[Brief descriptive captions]
Content starts
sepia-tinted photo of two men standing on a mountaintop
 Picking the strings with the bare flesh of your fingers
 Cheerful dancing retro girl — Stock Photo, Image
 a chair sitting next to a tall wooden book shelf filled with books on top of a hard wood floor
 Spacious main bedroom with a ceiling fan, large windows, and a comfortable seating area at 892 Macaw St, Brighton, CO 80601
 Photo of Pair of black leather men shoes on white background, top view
Content ends
Since only lines holding the word "with" matter, count them in the data above and report the number alone.

3